-------- DATA FOR THIS TASK
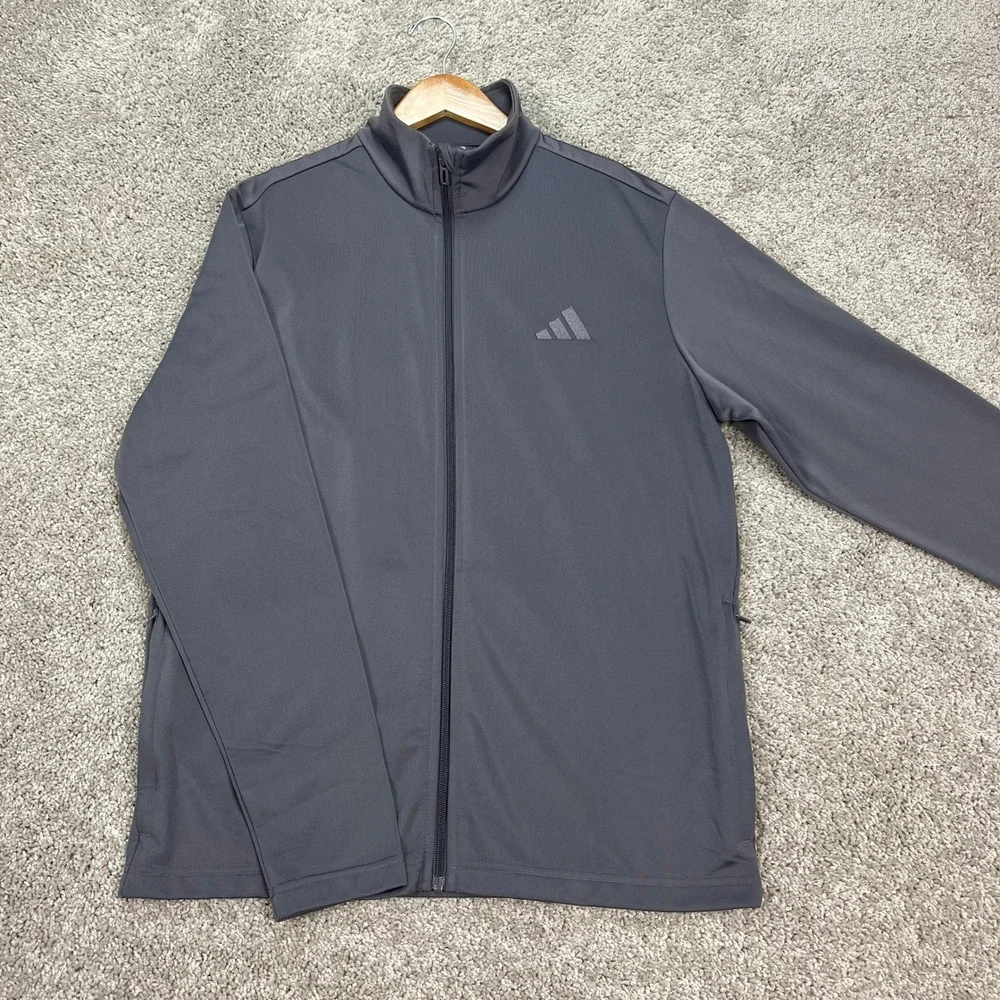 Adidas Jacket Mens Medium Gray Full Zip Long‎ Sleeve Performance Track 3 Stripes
----------------
-------- DATA FOR THIS TASK
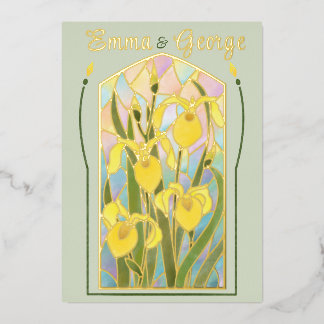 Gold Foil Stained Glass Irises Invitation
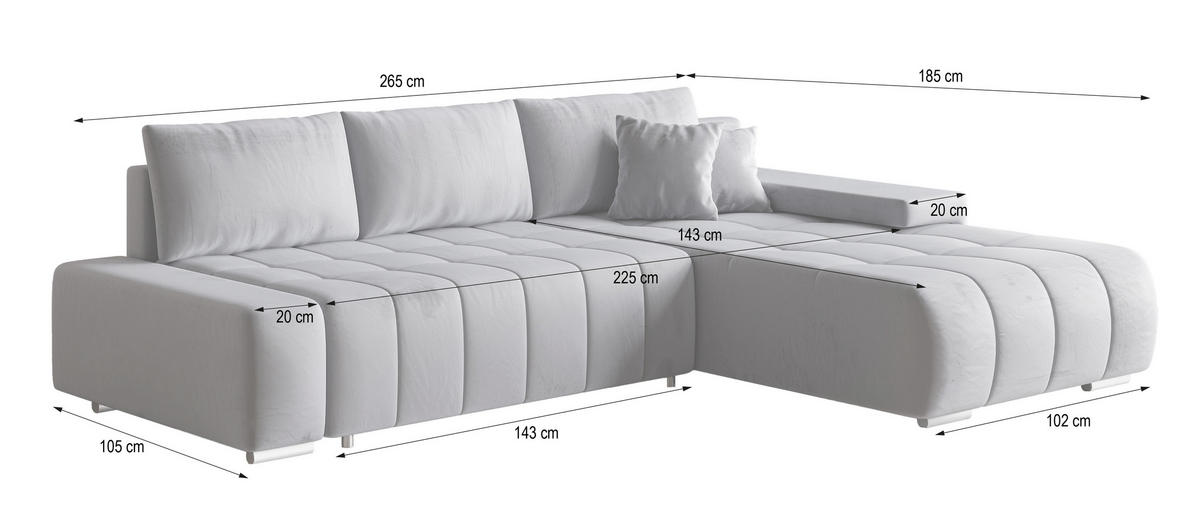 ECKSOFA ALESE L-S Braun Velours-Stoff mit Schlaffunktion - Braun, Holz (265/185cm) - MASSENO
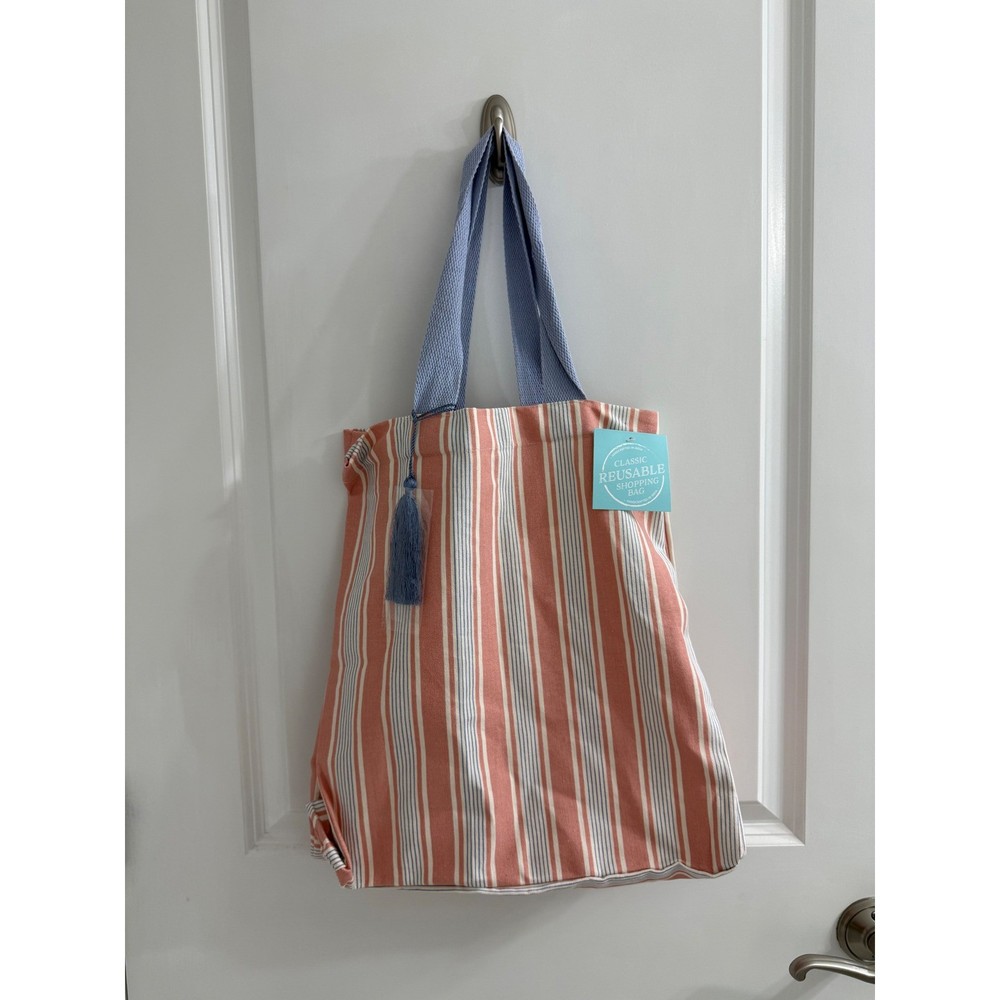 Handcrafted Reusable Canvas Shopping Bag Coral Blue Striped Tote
----------------
**YOUR ASSIGNMENT:**
Repeat exactly the lines above, beginning at the one containing "Gold Foil Stained Glass Irises Invitation" and ending at the one containing "Handcrafted Reusable Canvas". Do not carry over any pictures.

**SOLUTION TO THE EXERCISE:**
 Gold Foil Stained Glass Irises Invitation
 ECKSOFA ALESE L-S Braun Velours-Stoff mit Schlaffunktion - Braun, Holz (265/185cm) - MASSENO
 Handcrafted Reusable Canvas Shopping Bag Coral Blue Striped Tote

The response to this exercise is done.